Exercise description |
The full listing, excluding its pictures, should be printed exactly as it stands.

Material provided |
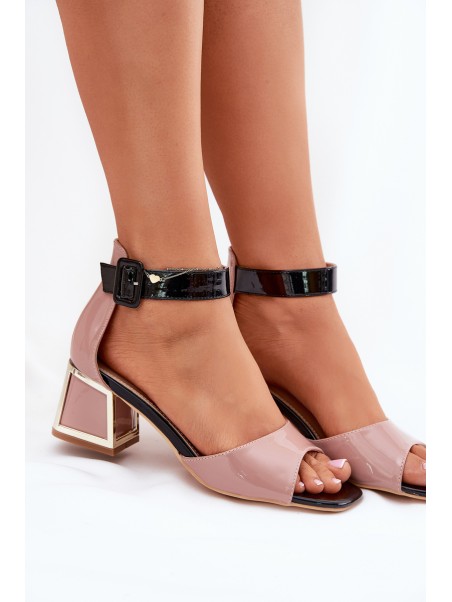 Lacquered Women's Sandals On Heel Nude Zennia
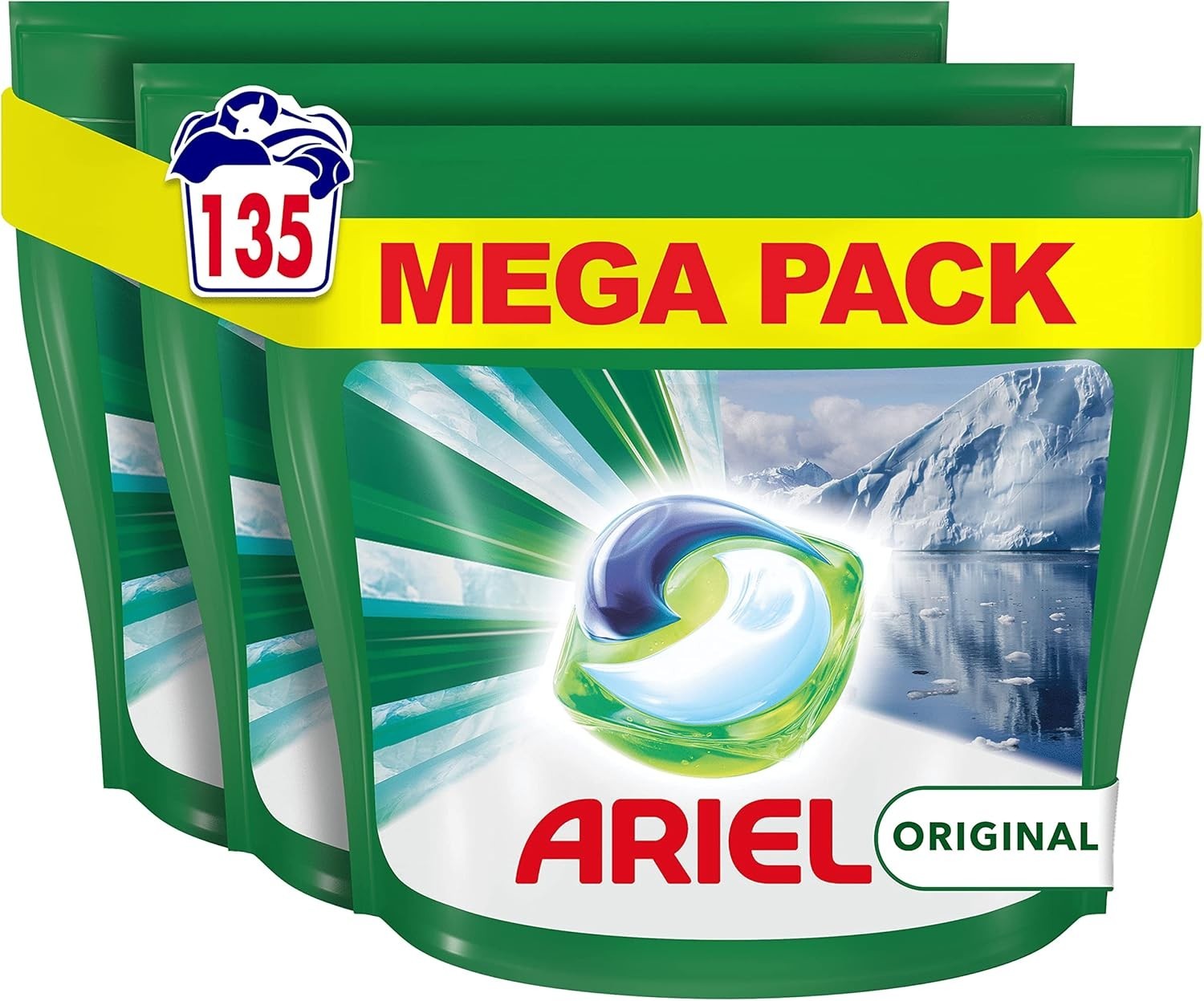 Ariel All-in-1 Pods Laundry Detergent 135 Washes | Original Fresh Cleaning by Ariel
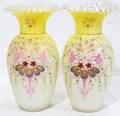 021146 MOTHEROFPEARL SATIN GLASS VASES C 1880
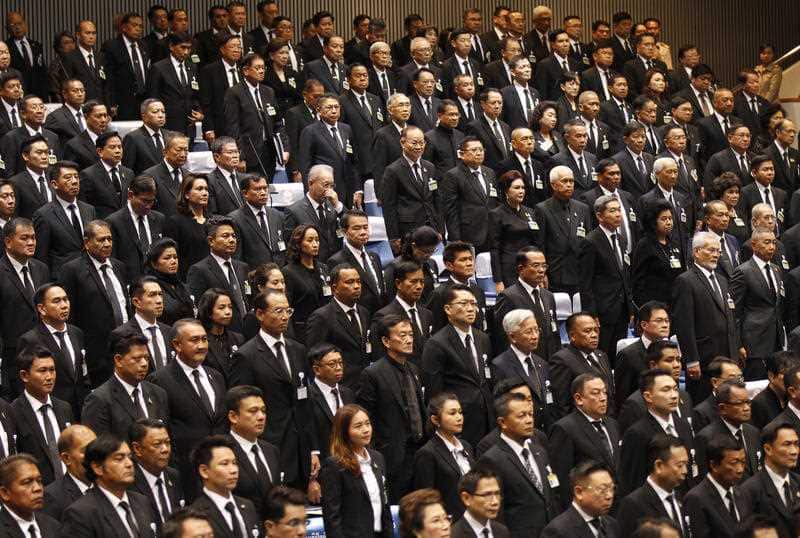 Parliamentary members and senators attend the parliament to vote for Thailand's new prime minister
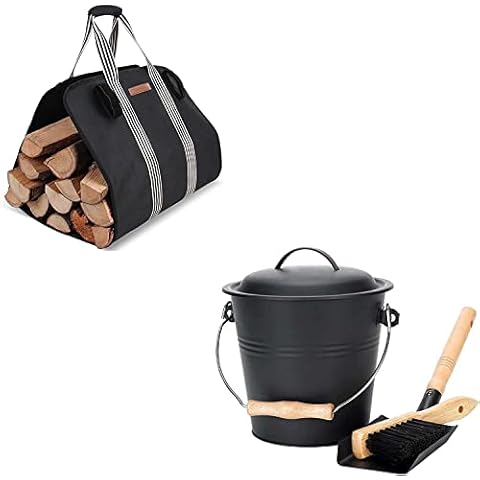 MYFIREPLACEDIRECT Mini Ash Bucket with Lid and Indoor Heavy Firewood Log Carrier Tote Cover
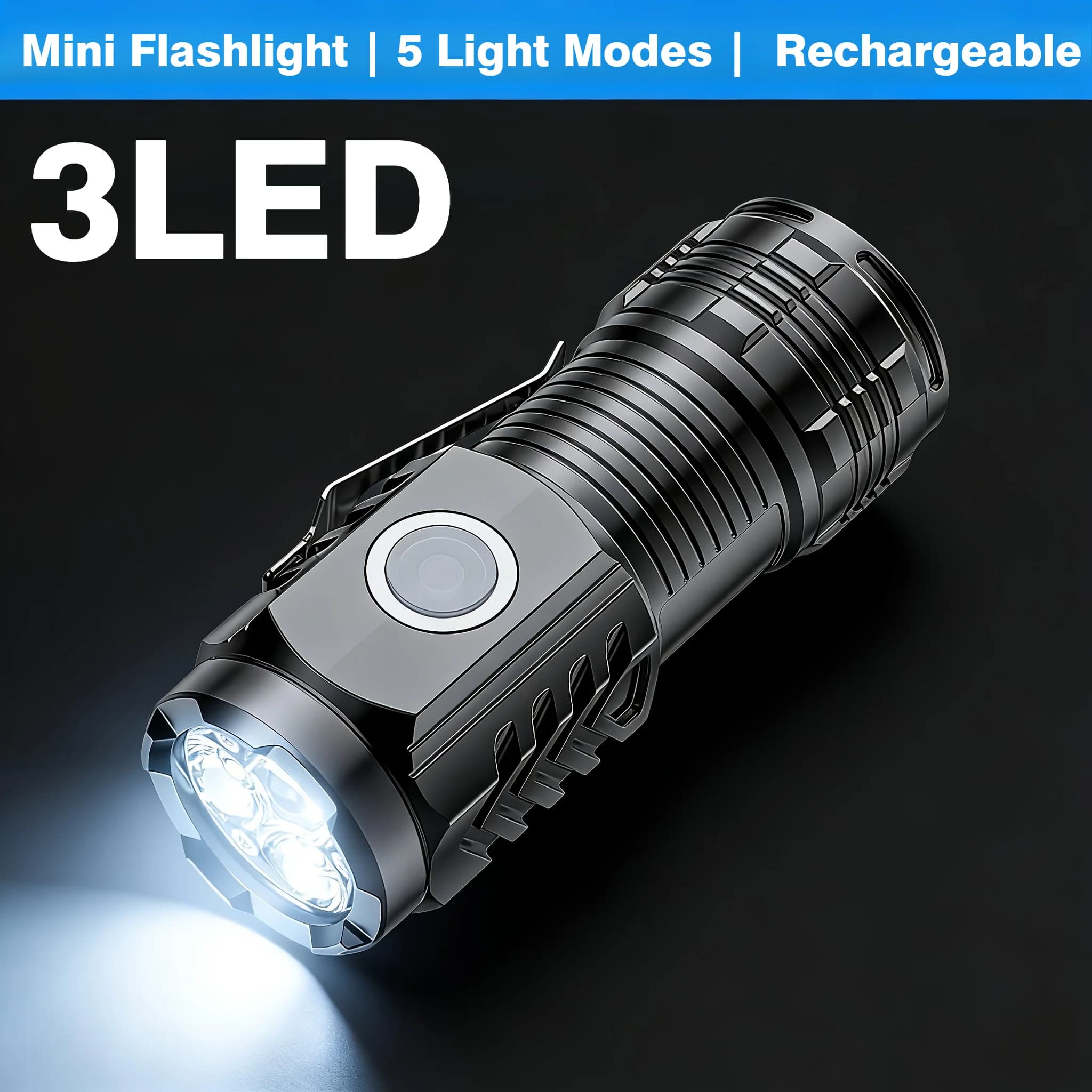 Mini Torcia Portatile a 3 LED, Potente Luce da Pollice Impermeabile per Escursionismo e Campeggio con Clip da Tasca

Reply to the exercise |
 Lacquered Women's Sandals On Heel Nude Zennia
 Ariel All-in-1 Pods Laundry Detergent 135 Washes | Original Fresh Cleaning by Ariel
 021146 MOTHEROFPEARL SATIN GLASS VASES C 1880
 Parliamentary members and senators attend the parliament to vote for Thailand's new prime minister
 MYFIREPLACEDIRECT Mini Ash Bucket with Lid and Indoor Heavy Firewood Log Carrier Tote Cover
 Mini Torcia Portatile a 3 LED, Potente Luce da Pollice Impermeabile per Escursionismo e Campeggio con Clip da Tasca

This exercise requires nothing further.